The pandemic causes a decrease in migration to the EU to 2013 levels | International

In the year of the pandemic, migration to the European Union has bottomed out, with figures never seen since 2013, before the effects of the Arab springs began to be felt, the descent into chaos in the Syrian war and Libya, and the ensuing refugee crisis of 2015, which placed Brussels at one of the biggest chasms it has ever faced.

In 2020, the number of people detected at the external borders of the community club totaled 124,000, 13% less than the previous year, “largely due to the impact of the covid-19 restrictions established by several countries,” according to a statement with preliminary data published this Friday by Frontex, the European Border Agency. The biggest drop occurred in the Eastern Mediterranean, where there were 17,000 border crossings that the European agency describes as “illegal”.

Syrian nationality is the main one among newcomers to the EU, followed by Tunisians, Algerians and Moroccans. The latter have had a great impact through the route to the Canary Islands, in which there has been an enormous migratory increase, until registering “record figures”, according to the statement, unprecedented in the history of Frontex, which goes back to 2009. In total, 22,600 people were detected through the so-called West African route to the Canary Islands, a number that multiplied by eight the arrivals in 2019.

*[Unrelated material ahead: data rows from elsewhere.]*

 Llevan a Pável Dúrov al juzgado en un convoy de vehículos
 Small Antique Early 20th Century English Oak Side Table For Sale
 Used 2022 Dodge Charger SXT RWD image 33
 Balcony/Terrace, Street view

The dangerous road to Italy from the 2,000 kilometers of Libyan coast, a country still bored by misrule and the power of the militias, added to the departures to Europe from the beaches of neighboring Tunisia, whose increase has been “pronounced” in 2020, according to Frontex, have caused the figures to triple on this Central Mediterranean route. Some 35,600 people used this journey, traversing the sea in small wooden shells and flimsy plastic boats, making it the most active route of entry into the EU.

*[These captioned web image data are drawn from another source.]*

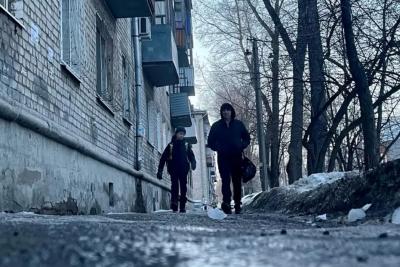 Снег выпадет к майским праздникам: Вильфанд сделал неожиданный прогноз - убирать пуховики в шкаф пока рано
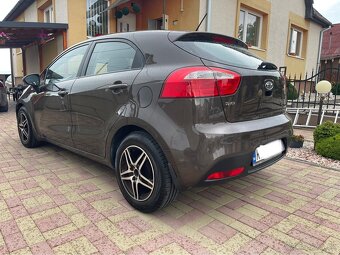 Kia Rio 1.2 CVVT benzín 95.000km - 2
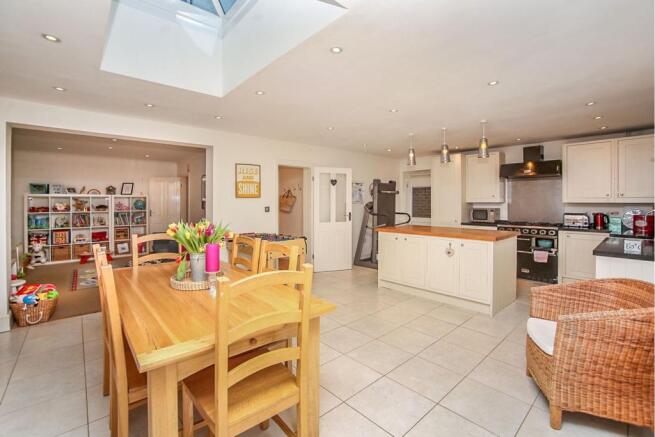 Kitchen/Family Room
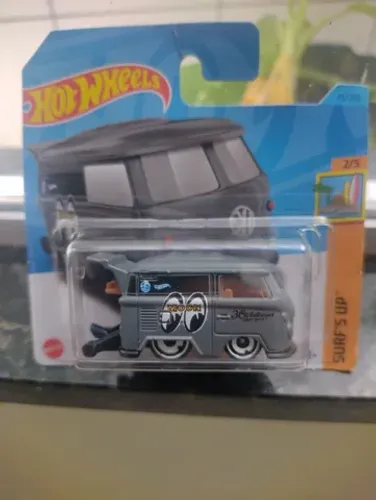 Hot Wheels Kool Kombi da Mooneyes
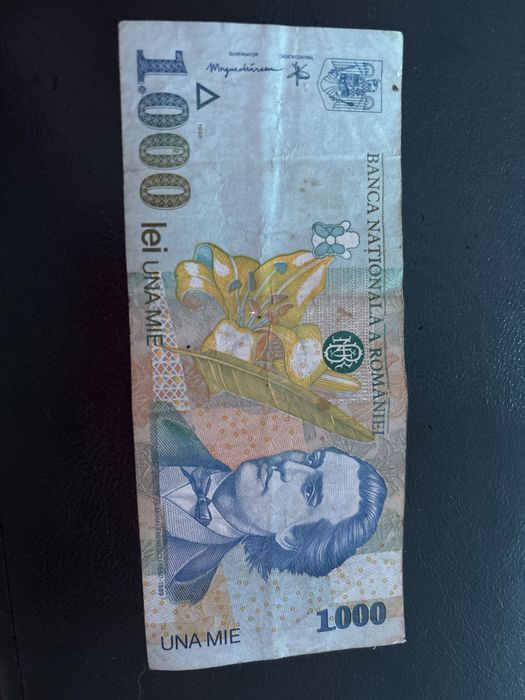 vând bani vechi în stare foarte buna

For Maria Foresti, director for Europe of the Overseas Development Institute (ODI), the impact of the covid has been key. “Getting to the coasts of Africa has probably been more complicated, because the countries of this continent have closed their borders and the movement of people has stagnated,” he says.

Foresti frames the 2020 figures within a trend of gradual decline that already existed before the pandemic, as a result of the restrictive EU migration policies implemented after the 2015 refugee crisis. And another parallel trend of proportional rise in the death toll, as the situation forces us to take more risks and look for more dangerous routes.

“The formulas to enter legally have been limited and this has been combined with other interventions such as support for the Libyan coastguard,” he explains. Since 2017, the EU has had agreements with Tripoli to curb the departure of migrants, a measure harshly criticized by the UN and NGOs, as it returns them to an “unsafe” port, in violation of international laws, where they are held in immigration centers. detention in infamous conditions.

The relationship between covid and migration, however, is not entirely clear. One of the explanations from Brussels for the increase in people on the route to the Canary Islands is due to a worsening of the economic situation in some African countries. But, according to the expert Foresti, the economic blow of the pandemic will probably also cause a decrease in trips in search of the European dream: those who migrate are those who manage to gather resources with which to undertake the odyssey and, at the same time, a An impoverished EU with rising unemployment rates and fewer available jobs “will become a less attractive destination,” says Foresti.

The situation poses an uncertain future in many productive sectors in which migrants perform jobs classified as “essential” during the health crisis, often those that are lower paid and that require fewer qualifications, or directly relegated to the underground economy. One more challenge to take into account from the EU, which this year has proposed to approve an ambitious migration package, which still does not satisfy even the front-line countries, such as Spain and Italy, and to begin with the deployment of its own police force at the external borders.

The report prepared by Frontex also confirms a change in the migrant’s profile in 2020: one in 10 are now men (while in 2019 women were 25%) and the number of minors has fallen more or less in this same proportion.